2016 has been a year that we won’t forget fast: a Brexit referendum, a Trump election, the prospect of real uncertainty in the European elections next year and the possibility of the Government banning letting agent arrangement fees.
Looking forward into the beginning of 2017, the impact of Brexit is likely to mean buyers will remain cautious throughout Central London. Uncertainty in the sales market should push demand into the rental market from those reluctant to commit to a purchase. We may also see an increase in the number of unintentional landlords bringing properties to the rental market that perhaps aren’t shifting on the sales side at this moment in time. This means landlords will need to remain competitive in their asking rents and flexible on terms in order to attract potential tenants.

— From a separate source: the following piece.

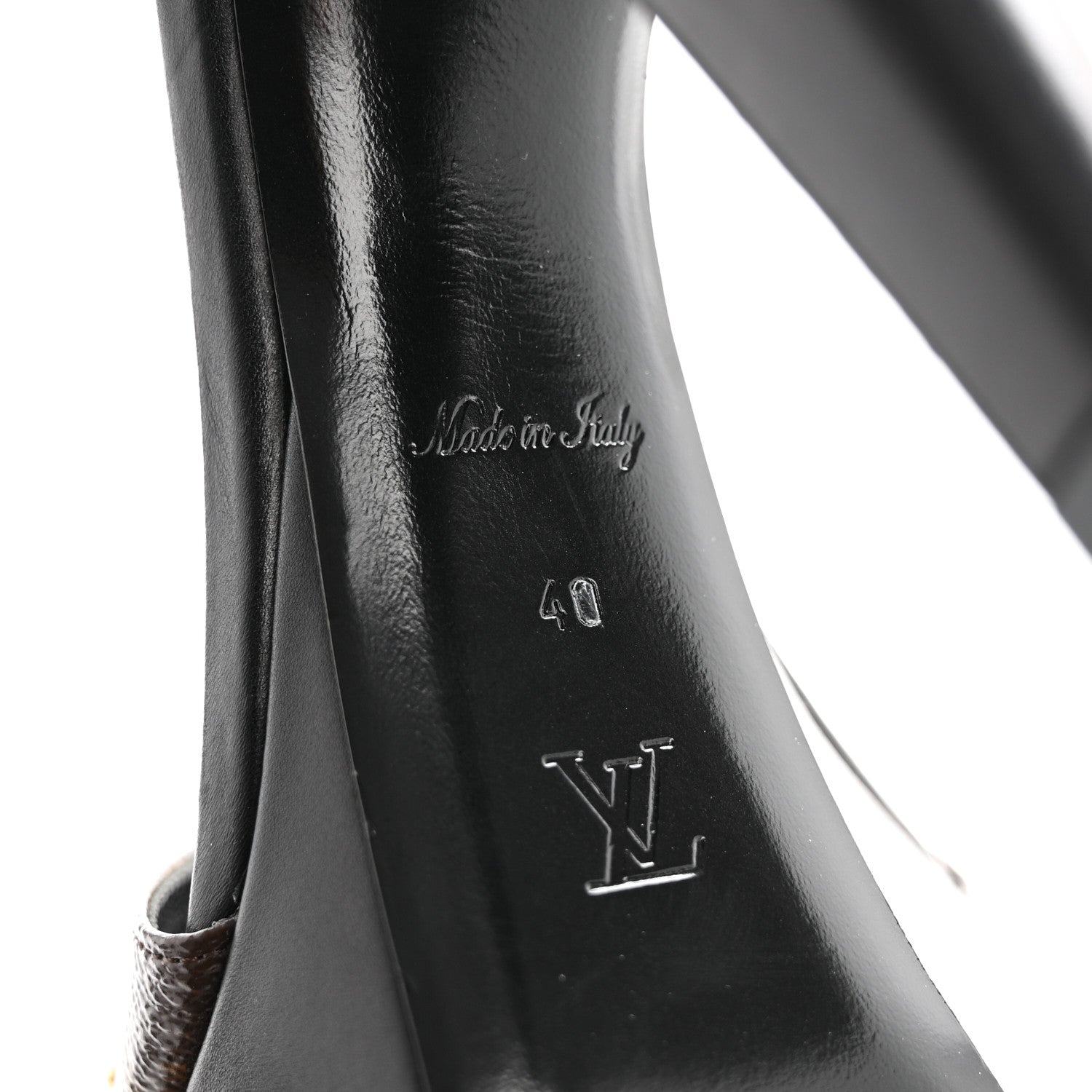 J*y様 LOUIS VUITTON ブラック ミュール Louis Vuitton Black Monogram Patent Leather Revival Mule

Despite this uncertainty, it is thought the outlook for rents is stronger and more stable than for sales prices. The barriers preventing one getting on the property ladder remain high, meaning renting will remain the occupation of choice, mainly for younger households. We have seen a large number of renewals this year with tenants opting to stay where they are until they have a clearer picture of where the property market is going.
Although renting is thought to remain the occupation of choice, with the added cost of Stamp Duty Land Tax applicable to buy-to-let landlords, it is thought that tenants may see the extra costs passed onto them through an increase in rents. On the other hand, many investors potentially looking to purchase a buy-to-let may decide against it due to the outgoings in many cases now outweighing the initial incomings. This could therefore lead to a shortage of rental properties in the comings years.
‘An ever increasing proportion of the population is looking to rent. By 2025, we know that there will be a 1.8 million shortfall in rental properties and that could mean a rise in homelessness,’ said Jeremy Blackburn, RICS.